--- START ---

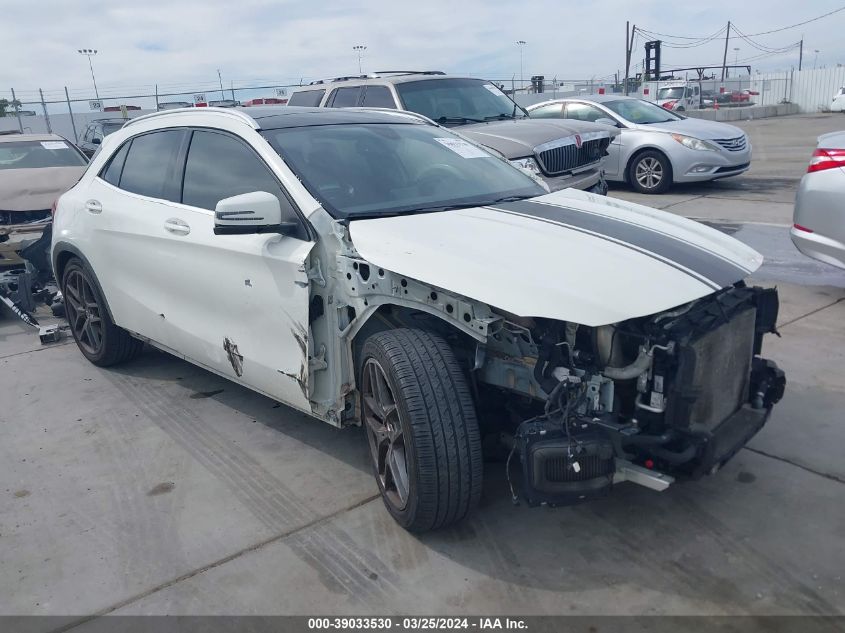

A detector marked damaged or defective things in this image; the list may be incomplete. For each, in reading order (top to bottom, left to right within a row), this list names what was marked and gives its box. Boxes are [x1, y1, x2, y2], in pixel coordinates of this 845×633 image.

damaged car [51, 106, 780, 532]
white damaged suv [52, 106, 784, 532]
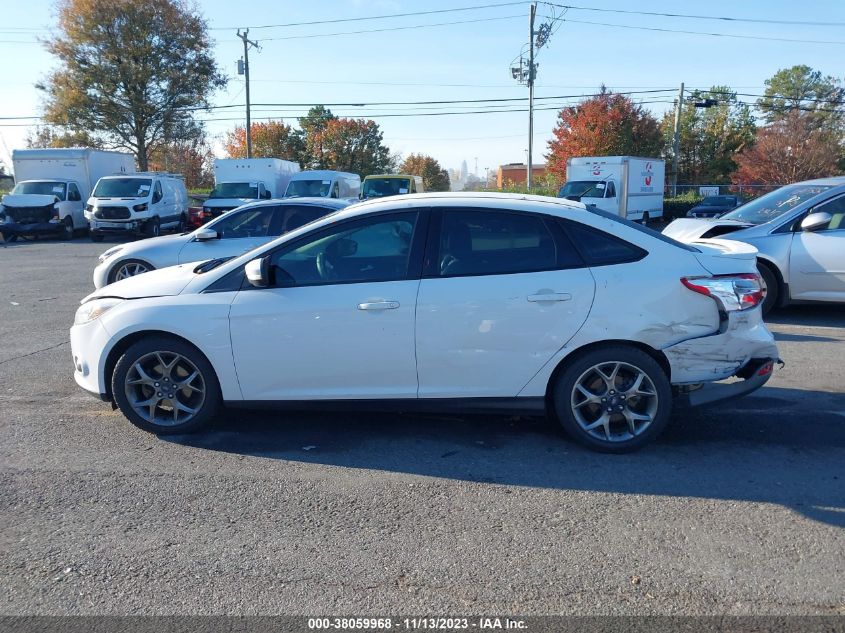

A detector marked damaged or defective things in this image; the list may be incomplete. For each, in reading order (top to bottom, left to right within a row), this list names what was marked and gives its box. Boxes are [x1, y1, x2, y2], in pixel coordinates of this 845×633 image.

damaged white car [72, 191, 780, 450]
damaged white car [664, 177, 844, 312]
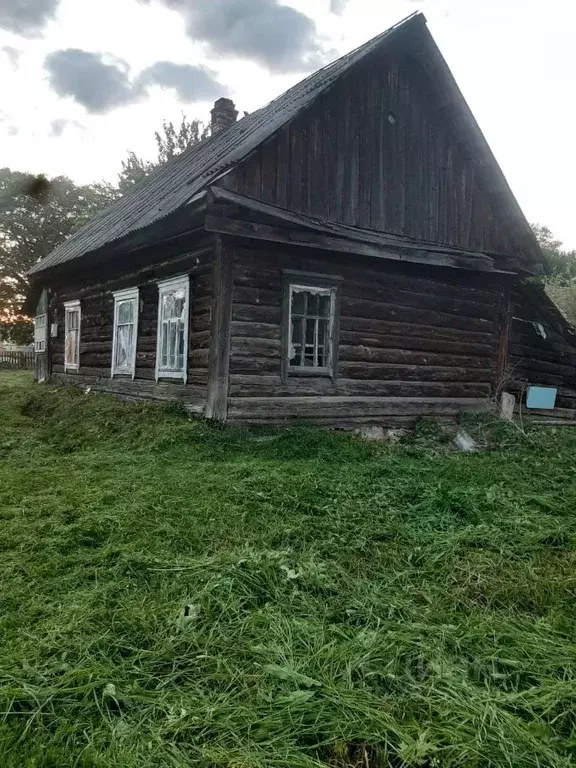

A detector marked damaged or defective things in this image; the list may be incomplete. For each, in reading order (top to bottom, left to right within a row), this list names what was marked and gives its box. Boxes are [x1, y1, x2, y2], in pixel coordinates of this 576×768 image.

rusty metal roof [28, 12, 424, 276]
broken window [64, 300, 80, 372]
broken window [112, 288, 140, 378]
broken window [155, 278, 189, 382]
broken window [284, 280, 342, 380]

--- END ---

## How to complete this task
Only these lines should appear in the reply: the one containing "this 576×768 image.", the last line of the data, and all lines between them, each copied exactly.

## Output below
A detector marked damaged or defective things in this image; the list may be incomplete. For each, in reading order (top to bottom, left to right within a row), this list names what was marked and gives its box. Boxes are [x1, y1, x2, y2], in pixel coordinates of this 576×768 image.

rusty metal roof [28, 12, 424, 276]
broken window [64, 300, 80, 372]
broken window [112, 288, 140, 378]
broken window [155, 278, 189, 382]
broken window [284, 280, 342, 380]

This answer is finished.